Based on the provided figures, working capital changes have been highly volatile, shifting from a $1.8M inflow in 2025Q4 to a $1.7M outflow in 2025Q2, which suggests that the company's cash management is heavily influenced by timing differences in mining reward liquidations and operational payables.
The erratic nature of these working capital movements may indicate a lack of disciplined cash management or an inability to effectively time the conversion of mined assets into liquid currency. This volatility warrants further investigation into the company's internal processes for managing its digital asset inventory and vendor obligations.
Quick answers to the most common questions about buying ABTS stock.

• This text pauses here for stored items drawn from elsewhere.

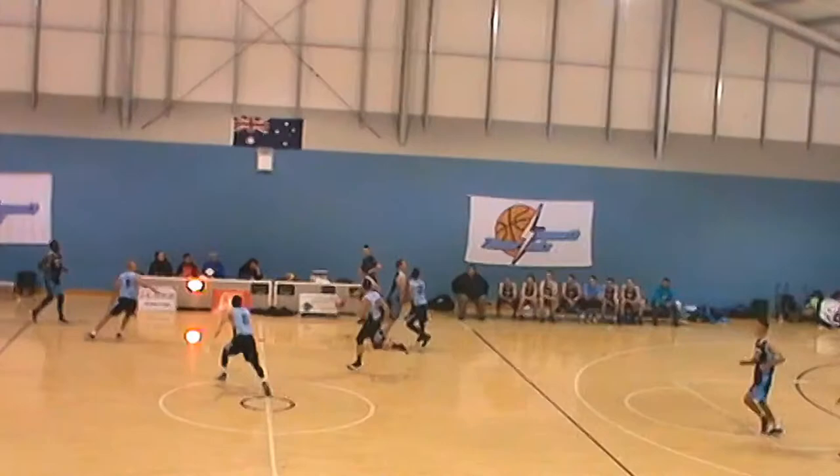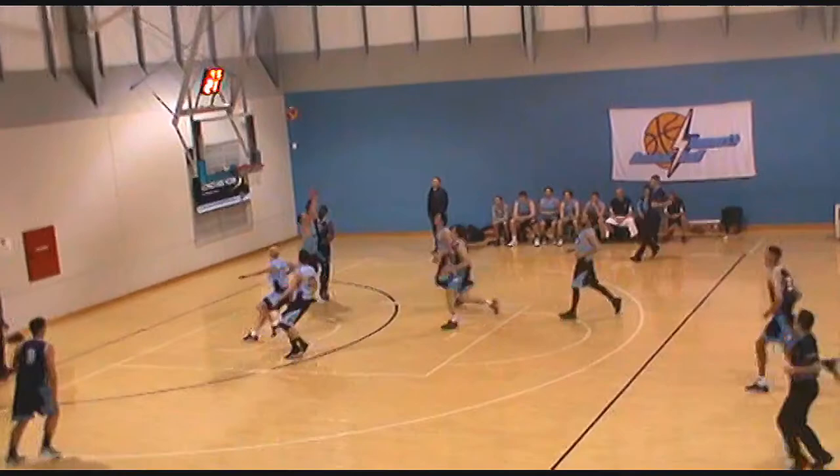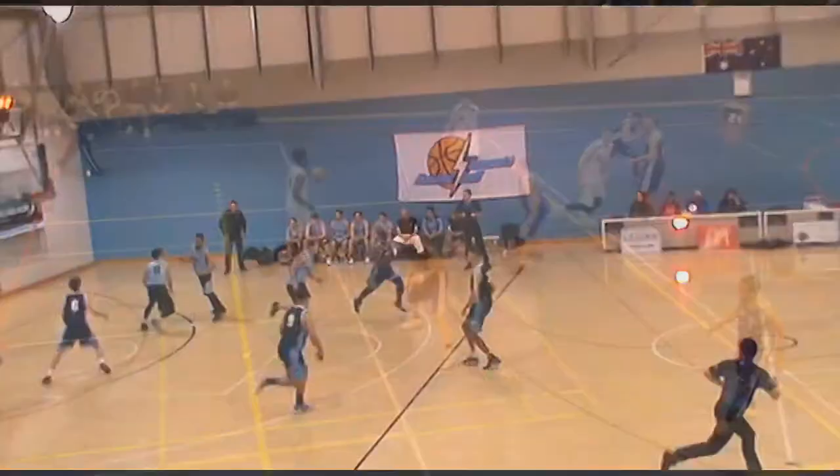Here we have it in a transition situation. Now, he doesn't try to jump or contest this — he just has his hands straight up. He just wants to be a presence; he wants to stop me from getting all the way to the basket. And that's fine because with a floater, you don't have to get all the way to the basket. And that is what I love about it.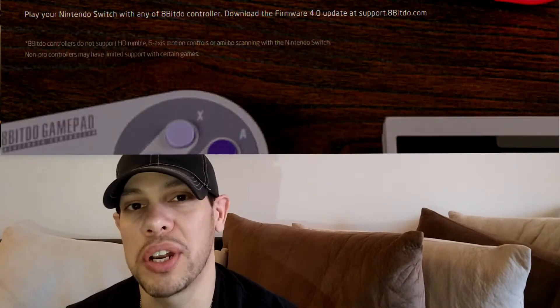What's going on guys? This is Raycomend. Welcome back to my channel. So today 8BitDo, one of my favorite retro companies, has released the 4.0 firmware to most of their controllers.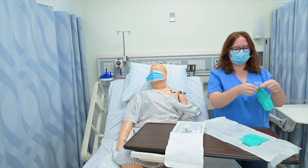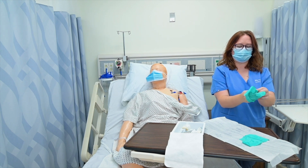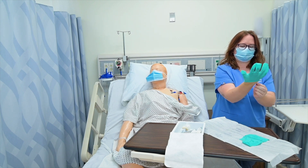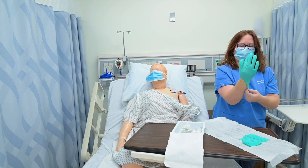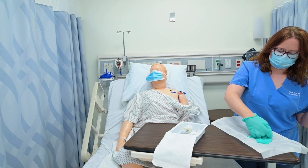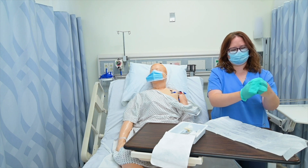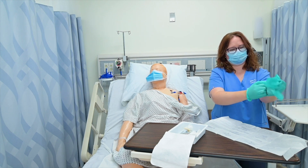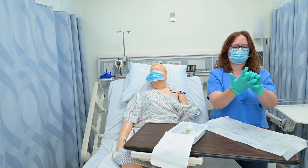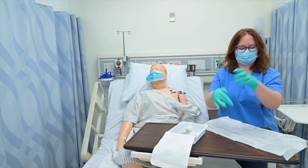As always, I pick up my dominant hand glove with my non-dominant hand first. Then I slide my fingers in under the cuff of my non-dominant hand. I'm just going to fix my thumb a little bit, and then I can slide my wrapper off into the trash can.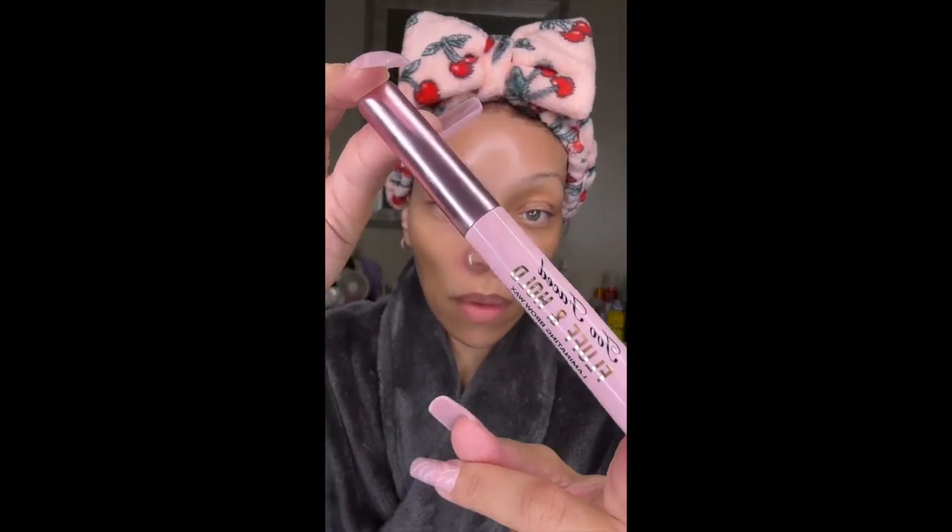Now I'll be using the Fluff and Hold Laminating Brow Wax by Too Faced. This was my first time using this product and I was pleasantly surprised. I'll be using this for my eyebrows. Then for my eyebrows I'll be using the Precisely My Brow Pen from Benefit. Like I mentioned in a previous video, I love love this pencil — it glides easily making the application effortless.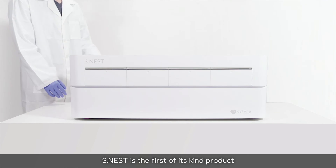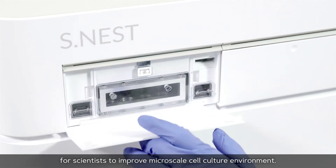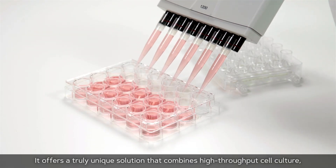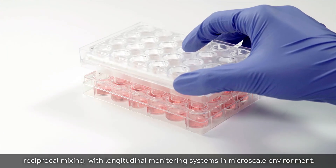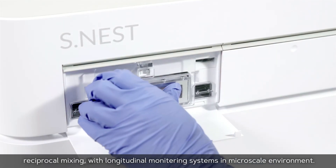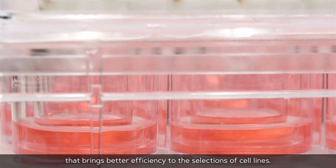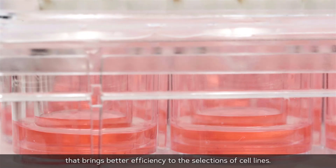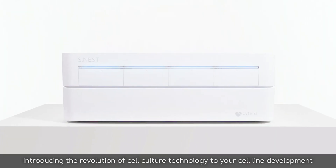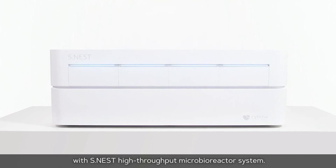S-NEST is the first of its kind product for scientists to improve micro-scale cell culture environments. It offers a truly unique solution that combines high-throughput cell culture, reciprocal mixing, and longitudinal monitoring systems in a micro-scale environment. S-NEST is a fully integrated system that brings better efficiency to the selection of cell lines, introducing the revolution of cell culture technology to your cell line development with the S-NEST high-throughput micro-bioreactor system.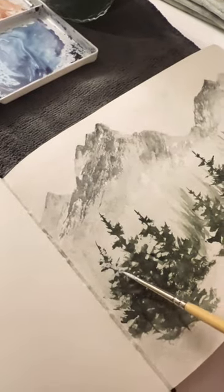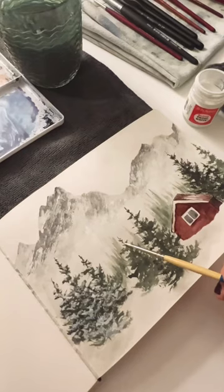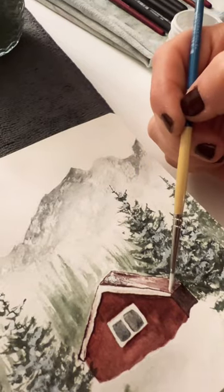Adding tiny details to your landscape scenes can really make it pop. In this one I topped it off by adding some snow, and I used Dr. Ph. Martin's Bleed Proof White.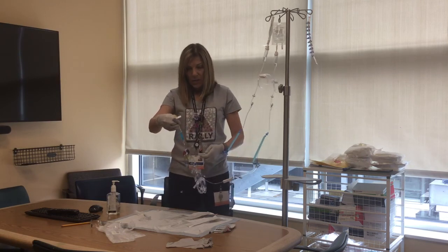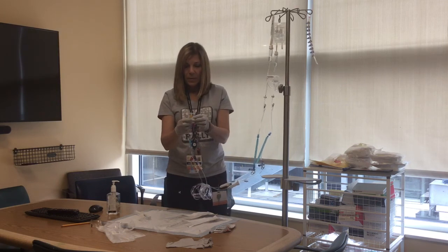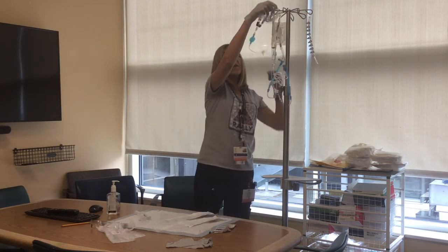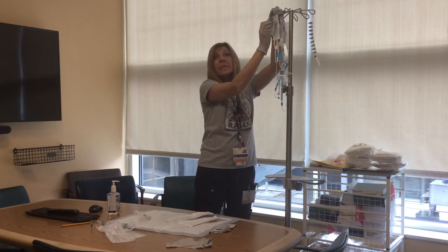And that is it. If it's drippy out the end of the cap, you can take that cap off and replace it with one of the dark blue alcohol caps. Nothing has touched the surface once you've opened it. Done.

Abits Group Inc. (ABTS) generated $1.4M in net cash from operating activities in 2025. This reflects the cash generated directly from core business operations.
Abits Group Inc. (ABTS) reported negative free cash flow of $2.9M in 2025, indicating capital requirements exceeded cash from operations.
Abits Group Inc. (ABTS) spent $4.3M on capital expenditures in 2025. CapEx represents the cash invested in physical assets like property, plant, and equipment to maintain or grow the business.